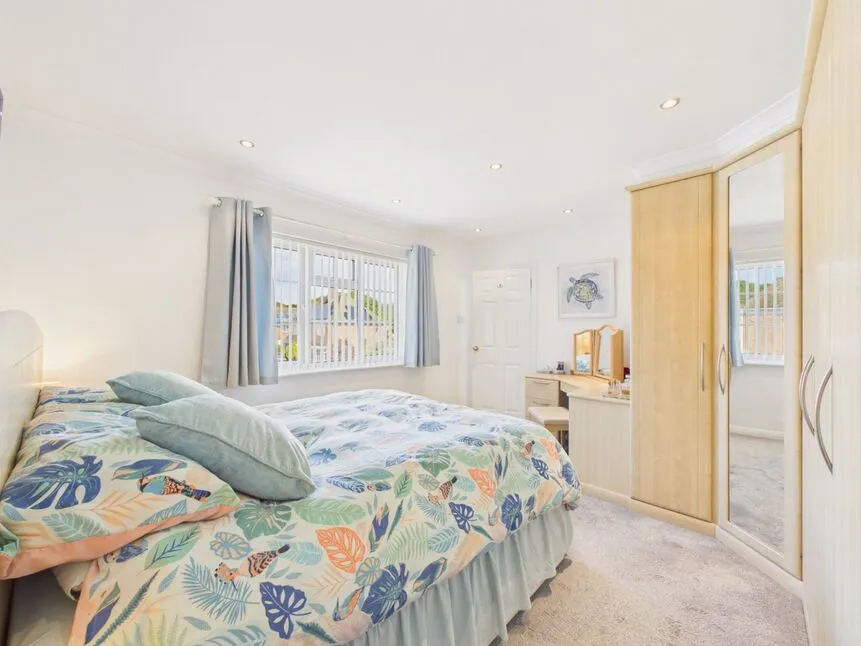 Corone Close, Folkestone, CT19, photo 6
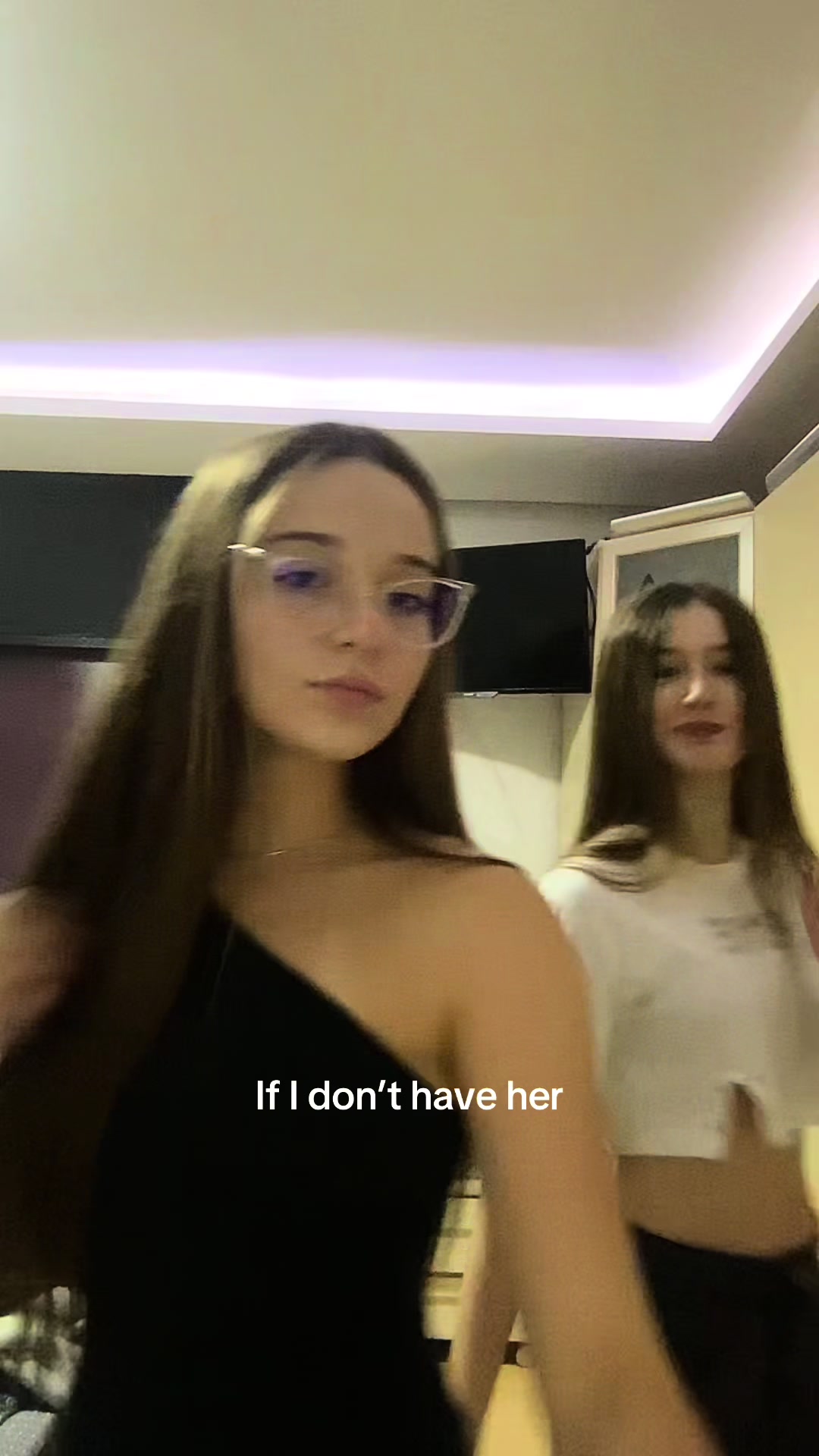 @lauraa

==

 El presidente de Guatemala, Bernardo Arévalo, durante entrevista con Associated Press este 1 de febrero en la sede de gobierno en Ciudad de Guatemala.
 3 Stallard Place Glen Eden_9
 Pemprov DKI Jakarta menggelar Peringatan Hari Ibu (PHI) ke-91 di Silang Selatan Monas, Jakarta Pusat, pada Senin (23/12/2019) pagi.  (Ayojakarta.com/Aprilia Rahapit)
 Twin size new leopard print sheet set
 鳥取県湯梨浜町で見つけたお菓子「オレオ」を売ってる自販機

* * *

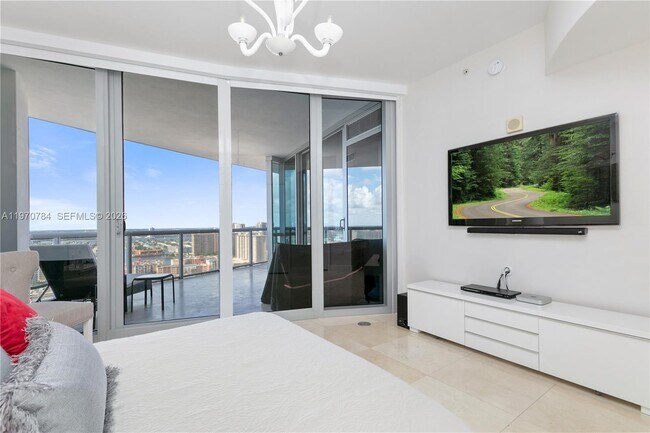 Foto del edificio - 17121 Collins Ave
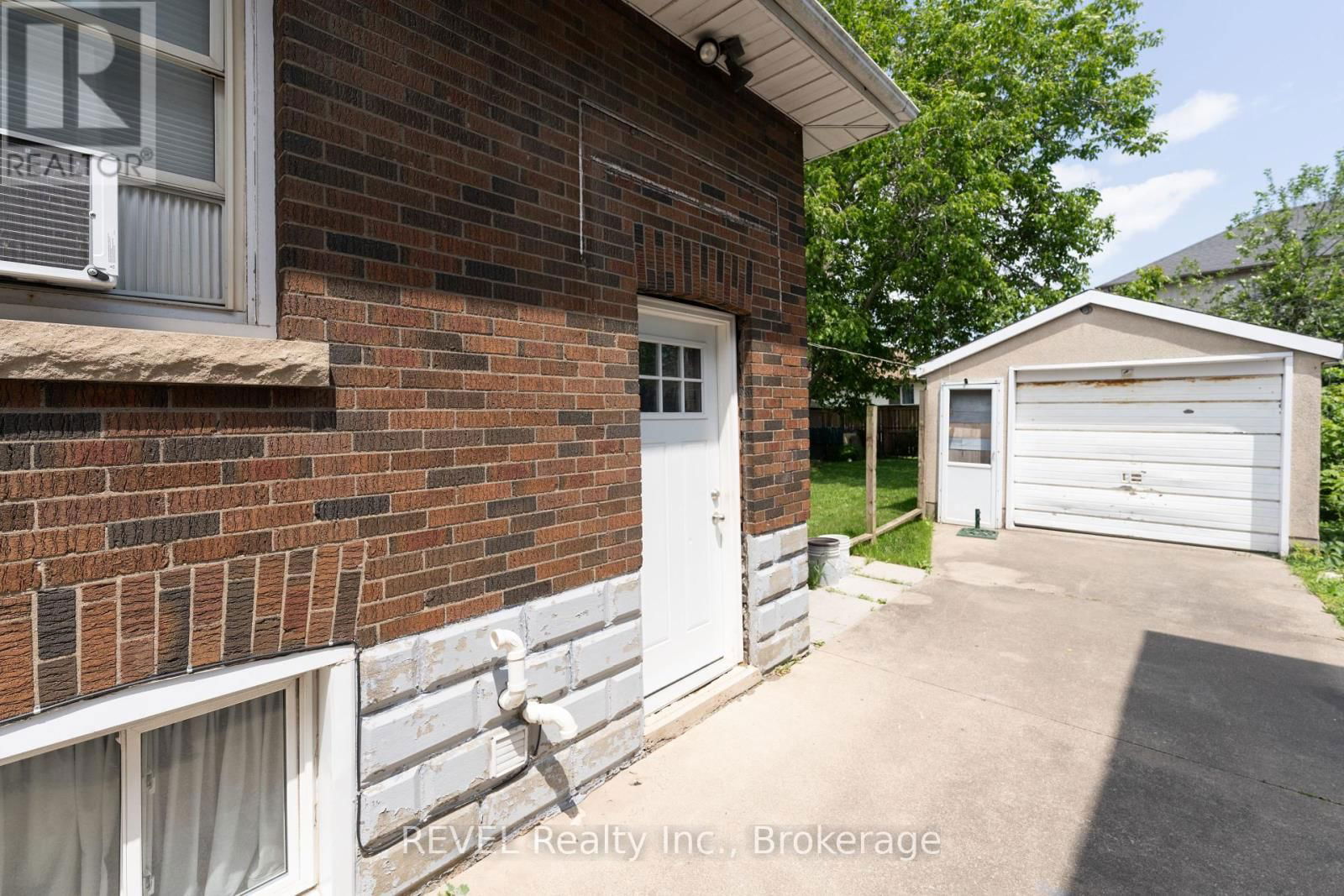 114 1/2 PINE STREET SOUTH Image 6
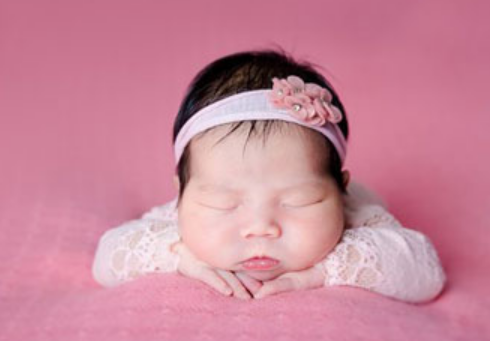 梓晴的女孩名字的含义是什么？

* What is being asked: Give only the lines from the one holding "El presidente de" through the one holding "鳥取県湯梨浜町で見つけたお菓子「オレオ」を売ってる自販機", each restated exactly as it appears above.

* Answer space:
 El presidente de Guatemala, Bernardo Arévalo, durante entrevista con Associated Press este 1 de febrero en la sede de gobierno en Ciudad de Guatemala.
 3 Stallard Place Glen Eden_9
 Pemprov DKI Jakarta menggelar Peringatan Hari Ibu (PHI) ke-91 di Silang Selatan Monas, Jakarta Pusat, pada Senin (23/12/2019) pagi.  (Ayojakarta.com/Aprilia Rahapit)
 Twin size new leopard print sheet set
 鳥取県湯梨浜町で見つけたお菓子「オレオ」を売ってる自販機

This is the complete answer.